I'm relatively new to pandas, so I'm not sure how to go about this. Also, my goal is to simply deduplicate the data such that for each key
, I keep the value with the longest value of text
. The expected output is:
key text
1 1 aaa
4 2 bbb
5 3 cc
If there's an easier way to do this than what I'm attempting, I'm open to that as well.
Upvotes: 2
Views: 3646
Reputation: 13955
No need for the intermediate step. You can get a series with the string lengths like this:
df['text'].str.len()
Now juut groupby key, and return the value indexed where the length of the string is largest using idxmax()
In [33]: df.groupby('key').agg(lambda x: x.loc[x.str.len().idxmax()])
Out[33]:
text
key
1 aaa
2 bbb
3 cc
Upvotes: 5
Reputation: 2785
def get_longest_string(row):
return [x for x in row.tolist() if len(x) == max([len(x) for x in row.tolist()])]

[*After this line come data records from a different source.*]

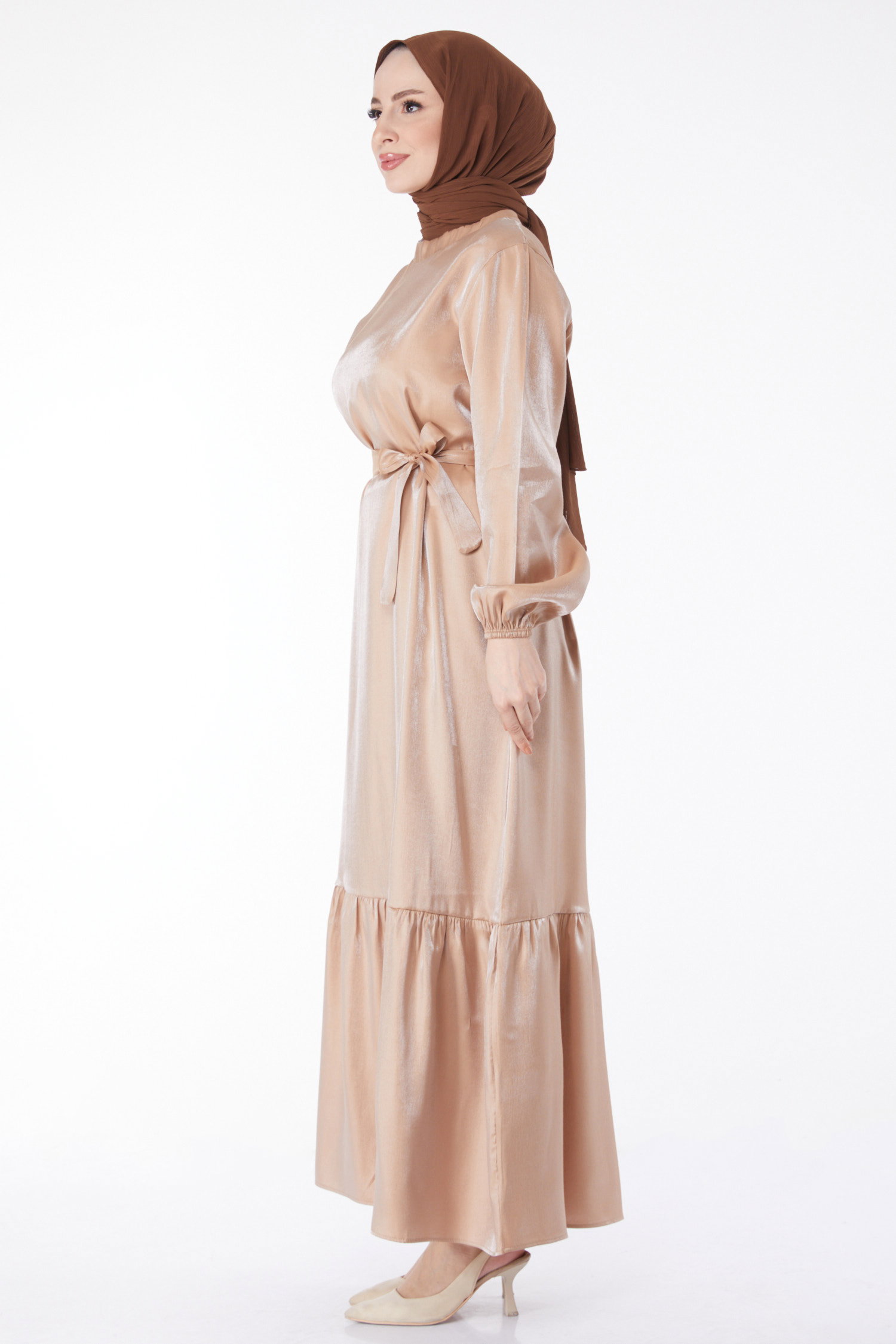 Parlak Kuşaklı Elbise Vizon - 24993 - 4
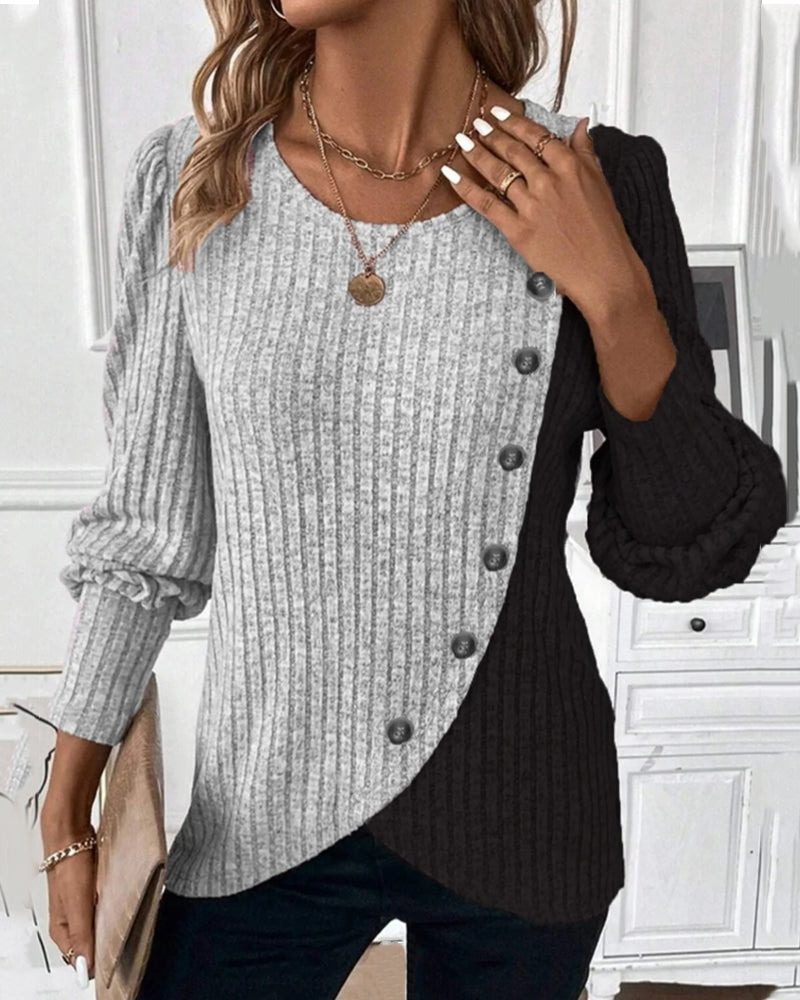 Evelyn Women's Color-Block Casual Top - Stylish & Comfortable Everyday Wear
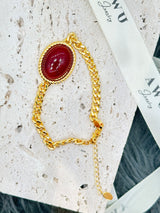 Carnelian Cuban Curb Link Bracelet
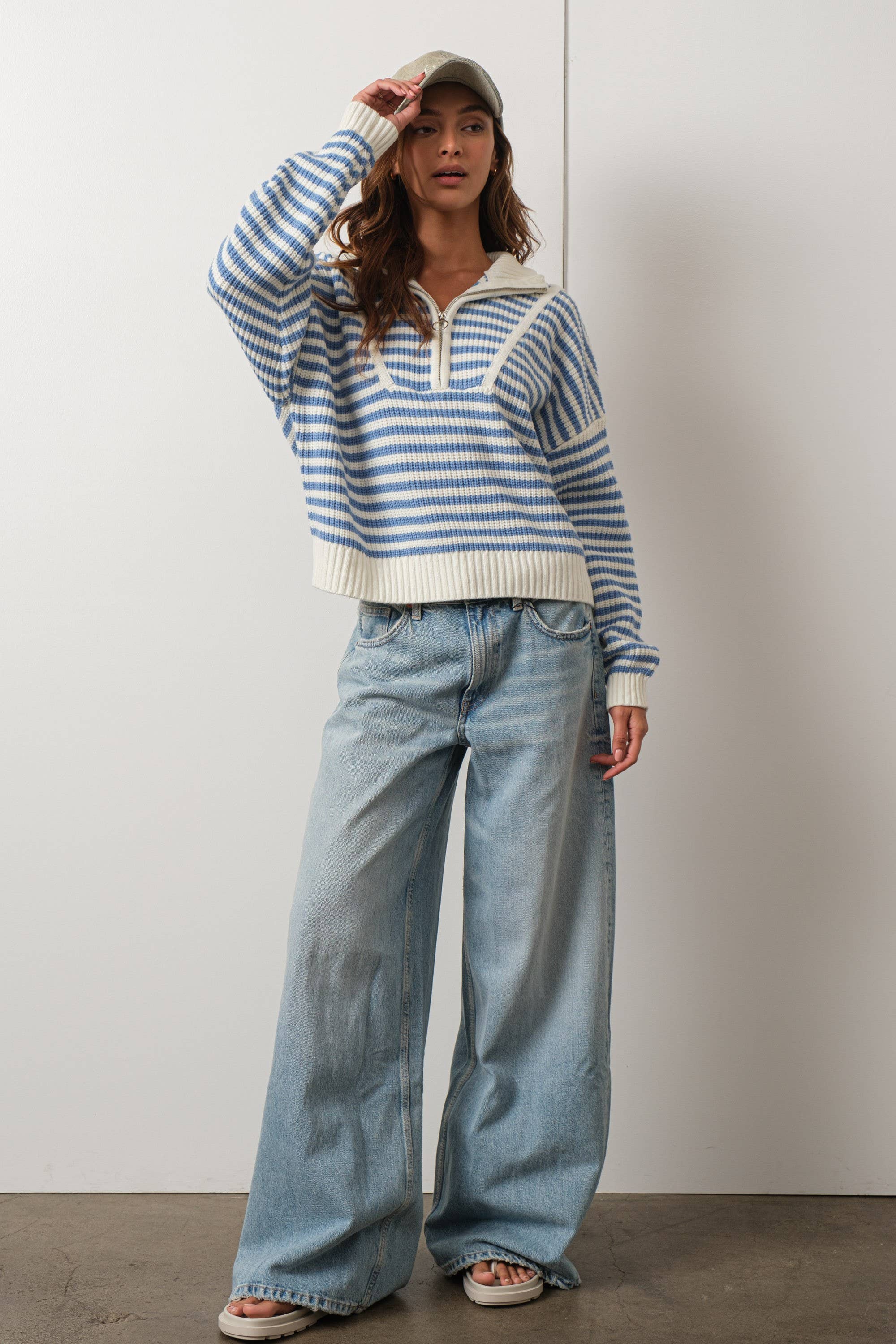 Cali Half-zip Sweater: Blue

res = df.groupby('key')['text'].apply(get_longest_string).reset_index()
Output:
key text
0 1 [aaa]
1 2 [bbb]
2 3 [cc]
Upvotes: 1
Reputation: 153460
df.groupby('key', as_index=False).apply(lambda x: x[x.text.str.len() == x.text.str.len().max()])
Output:
key text
0 1 1 aaa
1 4 2 bbb
2 5 3 cc
Upvotes: 3